Notebook

Find all the archived versions of a web page¶

New to Jupyter notebooks? Try Using Jupyter notebooks for a quick introduction.

You can find all the archived versions of a web page by requesting a Timemap from a Memento-compliant repository. If the repository has a CDX API, you can get much the same data by doing an exact url search.

In [1]:

import json
import re

import requests
from surt import surt

Using Timemaps¶

Works with AWA, IA, NZWA, UKWA & UKGWA

Variations in the way Memento is implemented across repositories are documented in Getting data from web archives using Memento. The functions below smooth out these variations to provide a (mostly) consistent interface to the UK Web Archive, UK Government Web Archive, Australian Web Archive, New Zealand Web Archive, and the Internet Archive. They could be easily modified to work with other Memento-compliant repositories.

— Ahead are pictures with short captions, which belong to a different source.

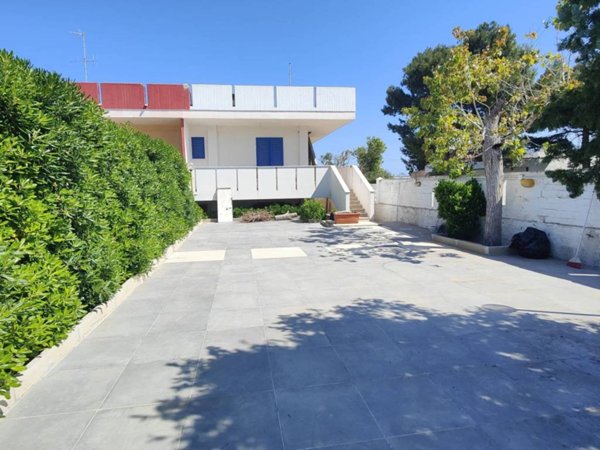 casa indipendente in vendita a Bari in zona Carrassi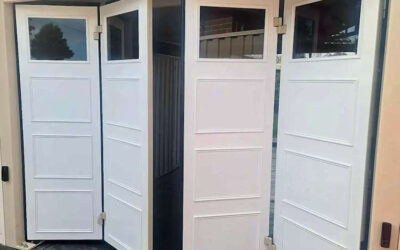 Folding gates for driveways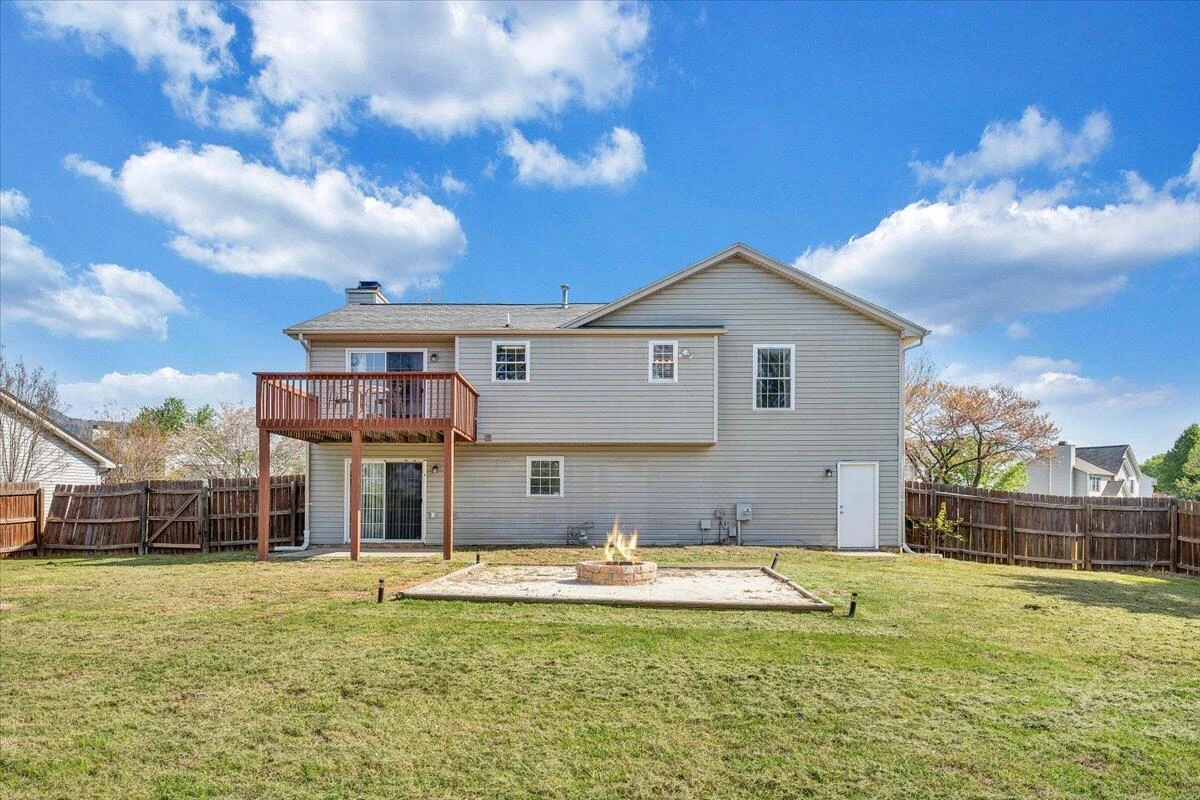 2237 Bloomfield AVE - Photo 36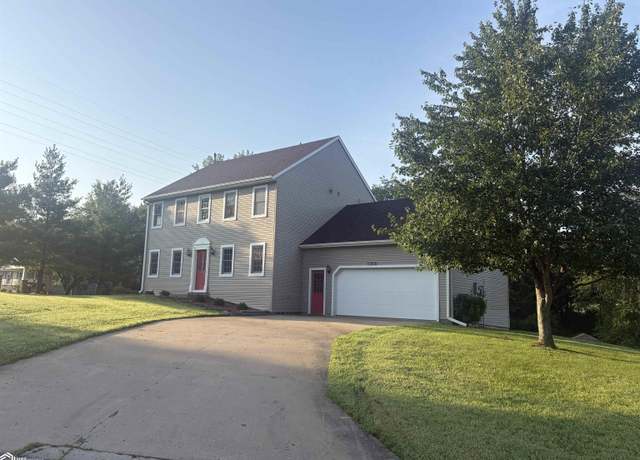 Property at 1525 Lone Oak Cir, Fairfield, IA 52556, 4 beds, 3.5 baths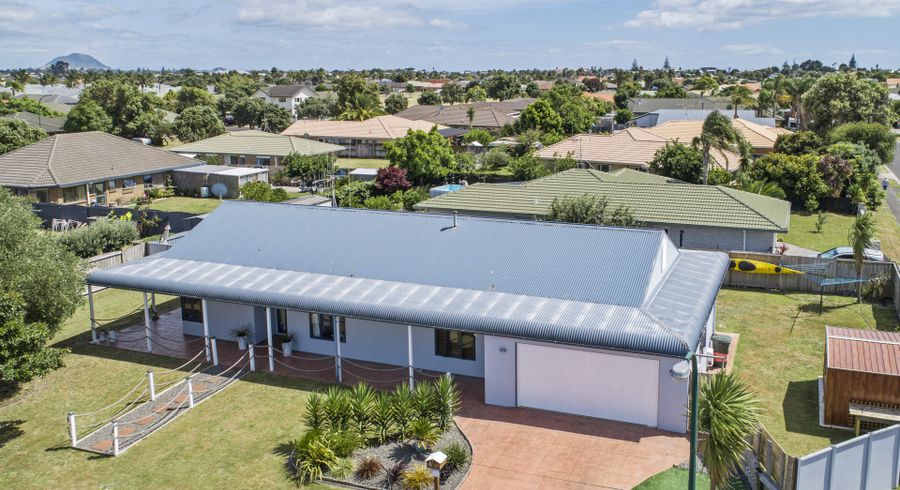  at 5 Dune Avenue, Papamoa Beach, Papamoa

To get all captures of a url in JSON format:

get_timemap_as_json([timegate], [url], enrich_data=[True or False])

Parameters:

timegate – one of 'ukwa' (UK Web Archive), 'ukgwa' (UK Government Web Archive) 'awa' (Australia), 'nzwa' (New Zealand), or 'ia' (Internet Archive)
url – the url you want to look for in the archive
enrich_data – NZWA Timemaps include less information, if you set this to True the script will query each memento in turn to try and find more capture information (such as mime and status). This will slow things down quite a bit, and isn't always successful, so leave it as False unless you have a good reason.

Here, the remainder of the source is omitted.